I went a year without ice cream, the combination of sugar and dairy was just death. Yes, death. I’d eat it and be locked in the bathroom for about a day. Totally not worth it, but I can occasionally have ice cream now which is awesome. Do you know how hard it is to be in Australia in summer and not have ice cream? It’s pretty impossible.

I couldn’t eat eggs for a while, but that’s better these days too. I just can’t have eggs every day. It’s almost like I can eat something once and then I need to let my intestine cope with it and then I can have it a few days later. I can’t overload it, it seems.

I tried different diets too. The FODMAP diet and the Paleo diet. I’ll explain these diets in a different post so that you have more of an understanding in case you ever wanted to try it, but I found that though they were helpful, listening and finding out what affects my body helped the most.

So what kinds of things to I eat now?

Well my breakfast is usually oats with a few raisins, almond milk and cinnamon.

Lunch is rice noodles or if I’m out and about sushi with no soy sauce, because soy sauce contains wheat.

Dinner can be loads of things, gluten free pasta tomato sauce, with chicken and some veggies, or what really sits well with me is chicken breast, mashed potato and broccoli.

I would be lost without rice cakes, great snack! And I put a small amount of peanut butter on them or butter and marmite.

I do still have sweet things, and occasionally, though I shouldn’t, wheat. I don’t have them all the time because I know that if I do, I’ll be in pain, going to the toilet heaps, bleeding and it’s not worth it.

If I’m honest, I do eat more sweet things than I should but we all have our battles and it’s still something I’m trying to overcome!

What are your diet staples? Have you found any diets to be really helpful for you or do diets not help in anyway?


  1. f   •  

    I had to cut out sugar, including fruit sugar, and anything that was fermented like vinegar and alcohol, and also wheat, and I have never eaten dairy.

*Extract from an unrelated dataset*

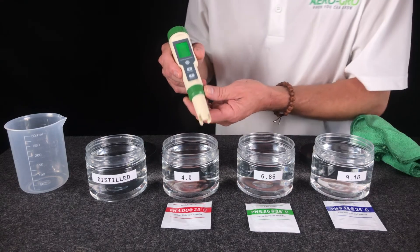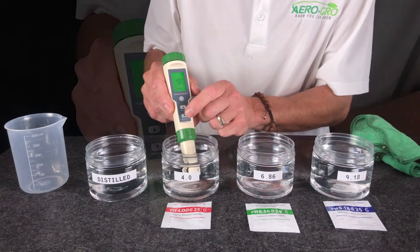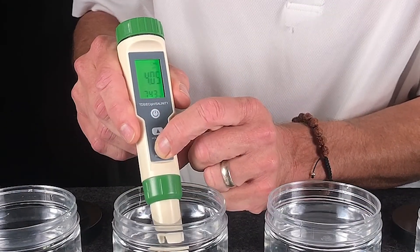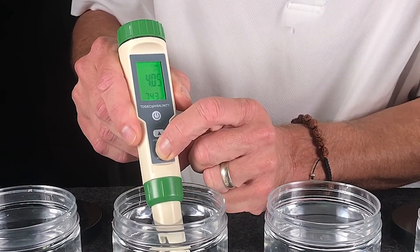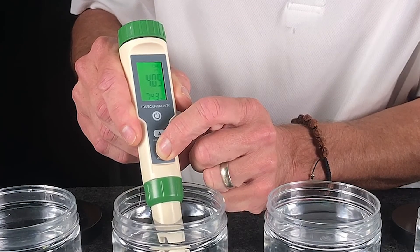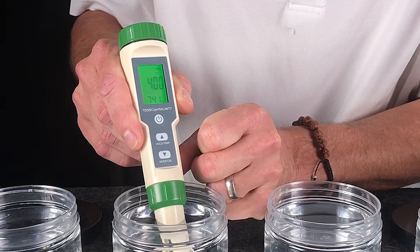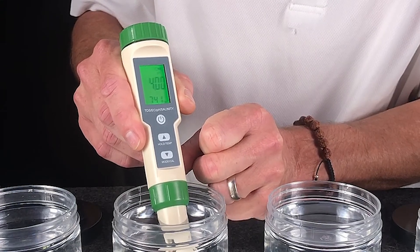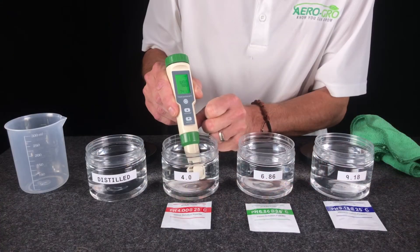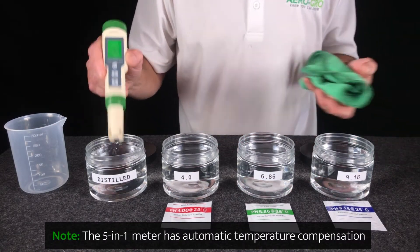To begin, start with the 4.0 solution. Dip it into the 4.0 solution and press the calibrate button — hold for a count of five, then let go. It's calibrating, and when that stops blinking it will be done. 4.0, right on the money. Rinse it off and move to the next.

And I have to say that it wasn’t that bad I was only required to do it for three months to starve out a yeast overgrowth in my gut, but I felt so good doing it I stuck it out for 6 months. I think that when it comes to sugar, if you completely cut it out you find you don’t even crave it, after the first week which I admit was hard, all I wanted to do was eat a nice juicy apple! I wish now that I had stuck to it, because I felt so much cleaner..! but the worst thing I found was other people, asking WHY? why not? am I not allowed to choose what I do and don’t eat?! and also feeling like a burden, or rude if you go to someone’s house and say, oh sorry I cant eat that…

    • Stephanie White   •  

      Congratulations for having awesome willpower!
      I’m the same, I know that it’s for my health and people would understand, but it doesn’t stop me from feeling bad when I’m around friends. Going out to a restaurant isn’t too bad but going to people’s houses were so tricky, I just sort of stopped going! I hated the “so what about this” and you have to say no because it’s got x y z in it!